Peptide binding prediction

Predivac predicts peptide binding by establishing a correlation between the SDRs in the HLA query protein and the SDRs associated with HLA proteins of known specificity. The process involves the following steps: (i) SDRs for each of the five binding positions are identified in the query HLA protein sequence; (ii) PredivacDB is queried and amino acid frequencies and weights are calculated (Equation 1) for peptide sequences associated with allotypes sharing similar SDRs as the query protein at each binding position; and (iii) a position-weight matrix (PWM) is built based on the binding data, consisting of 20 columns (amino acids) × 5 rows (binding sites).

w i , j = log p a , i / p a
(1)

Where p a,i is the probability of observing amino acid a at position i of the peptide (i= 0,…,8), and p a is the probability of observing amino acid a in the background model.

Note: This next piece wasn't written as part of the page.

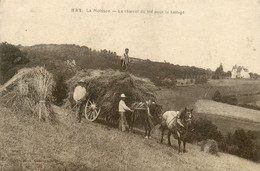 Châteaulin * La Moisson , Le Charroi Du Blé Pour Le Battage * Scène Agricole Foins Agriculture Attelage Chevaux - Châteaulin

The frequency of a residue at position i in the peptide (f a,i ) is estimated using pseudocounts by adding n /20 to the raw frequency f a,i and dividing by n+ n , were n is the number of sequences used to calculate the frequency. SDRs are considered similar if substitution using the BLOSUM62 matrix gives a positive score.

Finally, T-cell epitope mapping is carried out by parsing query protein sequences into overlapping nonameric segments (peptides), each of which is assigned a binding score using the PWM (sliding window technique). Raw scores are normalized to a 1-100 range using a linear transformation, considering the minimal and maximal theoretical peptide scores that can be obtained from the PWM. A sensible cutoff to discriminate peptides that bind from those that do not is 60.

Results and discussion

Specificity-determining residues

Structural alignments of the binding groove (α- and β-domains) were performed with 17 distinct pMHCs out of 37 structures analyzed (Table 1), accounting for 7 different DR alleles. In cases where a particular complex is represented by more than one structure, the highest resolution one was selected. The root-mean-square-distance of the residues constituting the binding groove was 0.45 Å, considering Cα atoms of both domains, reflecting the high level of structural conservation of residues dictating specificity. This is a condition required for the SDR method to be applicable. As shown in Figure 1, the β-domain accounts for the specificity of the HLA class II proteins, given that 99% of polymorphisms are present exclusively in this domain [40]. On the other hand, there are significantly less polymorphic positions in alleles belonging to the DP and DQ loci, and these are distributed both through the α- and β-domains of the binding groove [40]. The application of the method for these alleles must be assessed further, as the specificity seems to be determined by a larger number of residues than in the case of DR alleles. In addition, limited binding data is available for HLA DP and DQ molecules.

Figure 1
figure 1

HLA class II polymorphism and three-dimensional structure. [PDB:1A6A] is used as a representative structure in this figure. (A) Ribbon diagram of the binding groove. Chain α, grey; chain β, red. Each chain consists of two domains (α1, α2 and β1, β2, respectively). Only the ectodomains α1 and β1 shape the binding groove. (B), as (a), but showing the entire molecule. (C) Three-dimensional representation of the sequence variability in the binding groove, highlighting the location of SDRs in the β1 domain. Variability is represented in a two-colour scale from blue to red, where blue indicates non-variable positions and red indicates variable positions.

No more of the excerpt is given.